One is for my quick in-game reference and the other is for my opponent. So he knows what weapons and psychic powers and vehicle upgrades everything has.
I don't believe I can be any more sporting than that, in terms of army list disclosure.

As for the rule that you must make clear to your opponent what is in what vehicle, that is there to stop players saying, irrespective of which transport just went bang "Sorry, mate. My Über-unit weren't in that one you just took a full turn destroying, they're in the other one you ignored."

By writing down what unit is in which transport and giving that to my opponent to open when the passengers are revealed I believe is also sporting. 
I cannot change my mind as to what is in what vehicle once I've handed that information over.

So I meet all the criteria laid down in the "A note on secrecy" paragraph on page 92 of the Rulebook, but without handing my opponent a considerable tactical edge by telling him where everything is.
I know where it all is and in due course, so shall they.

Take for example this week I played a pick up game at short notice in which I used a model at the side of the transport. So I had a printed list but no time to "secretly" deploy.
My force consisted of, among other things the following in transports...
Farseer & 5 Warlocks
Howling Banshees & Exarch
Fire Dragons (no Exarch)
Dire Avengers & Exarch
Dire Avengers & Exarch

No prizes for guessing the order they were taken out.
So my opponent went from having a 20% chance of shooting my Seer Council down first to a 100% chance. 
Then my Banshees, 25% chance to 100% chance.
Ad nauseam...

Now, if you're expecting me to accept that significant change in odds every game, when I'm meeting all of the rule's criteria you're sadly mistaken.


----------



## James Tiberius (Sep 1, 2011)

DeathKlokk said:


> It's all about Sportsmanship.

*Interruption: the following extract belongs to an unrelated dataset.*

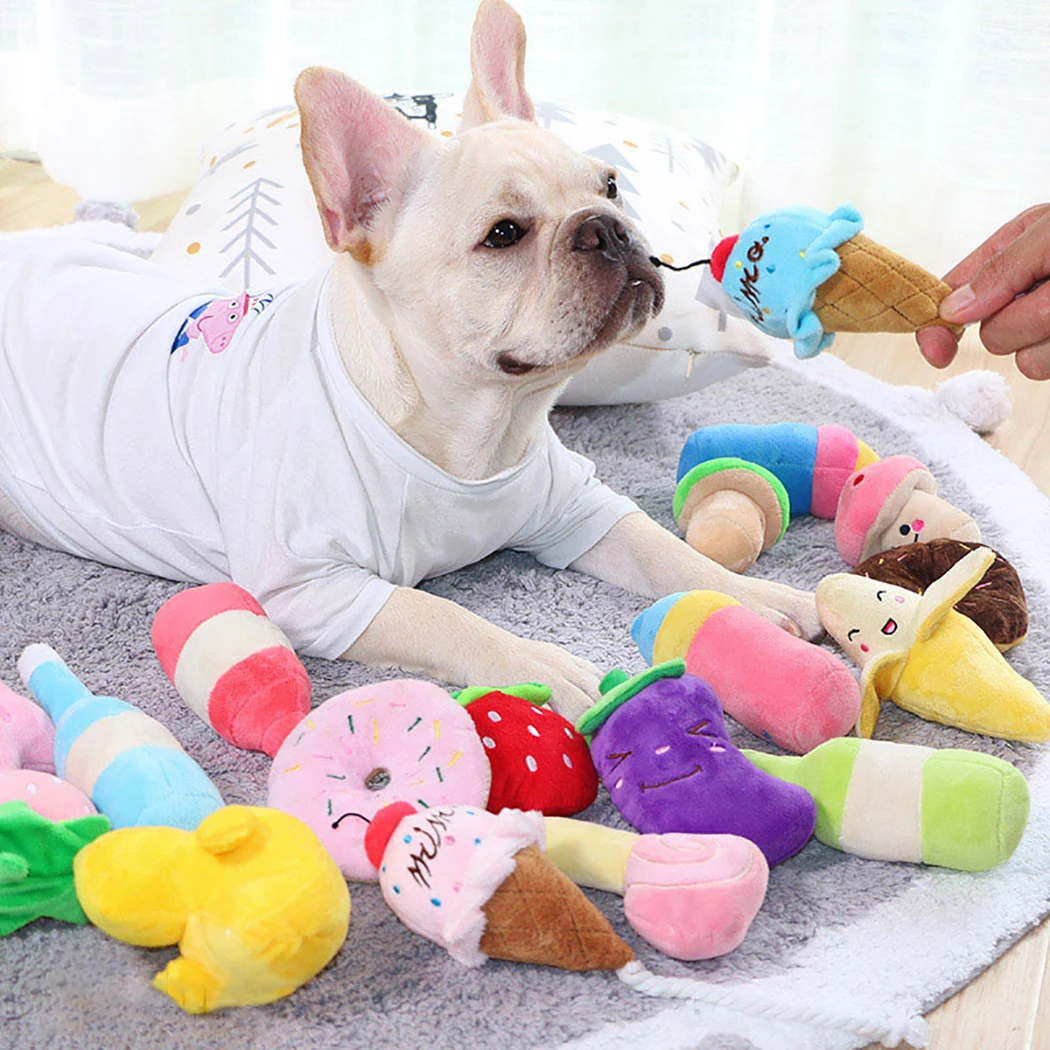 Soft Fleece Dog Interective Squeak Sound Dog Toys Dog Toy Bite Resistant Funny Cartoon Dog Squeaky Toy Plush Toy Pet Toy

Which is why I wasn't surprised you did it wrong.


considering you've never played me your opinion on my sportsmanship is worth less than dog shit


Katie Drake said:


> Because not telling is fucking retarded, basically. 40k isn't a guessing game. If other systems allow people to hide transport's occupants then fine, but this one focuses on actual tactics instead of trying to guess things. Losing a game because you guessed incorrectly which Rhino held the squad with 4x meltaguns is about the dumbest thing I've ever heard.

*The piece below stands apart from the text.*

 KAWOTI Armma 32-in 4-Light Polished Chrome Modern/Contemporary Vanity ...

Actual tactics IS guessing things, do you really think during war commanders sent notes back and forth telling the enemy the exact composition of each force they had sent out, who was sitting in each individual APC and where they were going and what they were doing?

of course F-ing not, actual tactics is things like sending an empty transport up the flank of the board towards a tank making your enemy concentrate on forward defence while you strike from behind with other units, your opponent can either ask it has something in it, learn its empty (which he would never know) and ignore it making your tactical assault a failure, or he can react to the logical assumption it has an anti-tank unit inside and units must be moved forward to counter it

that is bloody tactics, reveal all 40k is about as tactical as putting on a pair of trousers, your opponent needs no tactics, he just has to point unit a at unit b and roll dice


Serpion5 said:


> Nearly every army has psykers.
> 
> Those that don`t have advanced sensory systems.
> 
> ...


so if I model psychic wards and sensor scramblers on my vehicles I can ignore that?
fluff issues not solved as counter fluff issues fuck them up
in fact there would be more fluff as to why you can't see in an APC as to how you can

a method of little notes on the vehicle and off board mounted squad that cannot be seen by your opponent seems fair to me, so if they ask whats in the rhino you can just say one of these 6 aquads


----------



## lemage (Jul 21, 2011)

James Tiberius said:


> Actual tactics IS guessing things, do you really think during war commanders sent notes back and forth telling the enemy the exact composition of each force they had sent out, who was sitting in each individual APC and where they were going and what they were doing?


true. 
"the are of war is guessing whats over the next hill"

though im 40k you should always show your army list.


----------



## James Tiberius (Sep 1, 2011)

lemage said:


> true.
> "the are of war is guessing whats over the next hill"
> 
> though im 40k you should always show your army list.


oh I'll show my list, but it might just say
10 marines
sgt with lala
2x doo dads
mounted in rhino with whatsit

I ain't gonna be specific


----------



## lemage (Jul 21, 2011)

James Tiberius said:


> oh I'll show my list, but it might just say
> 10 marines
> sgt with lala
> 2x doo dads
> ...


? that was a general statement just to say that as long as you show your list and the other person agrees to it , they cant complain.


----------



## Katie Drake (Nov 28, 2007)

James Tiberius said:


> Actual tactics IS guessing things, do you really think during war commanders sent notes back and forth telling the enemy the exact composition of each force they had sent out, who was sitting in each individual APC and where they were going and what they were doing?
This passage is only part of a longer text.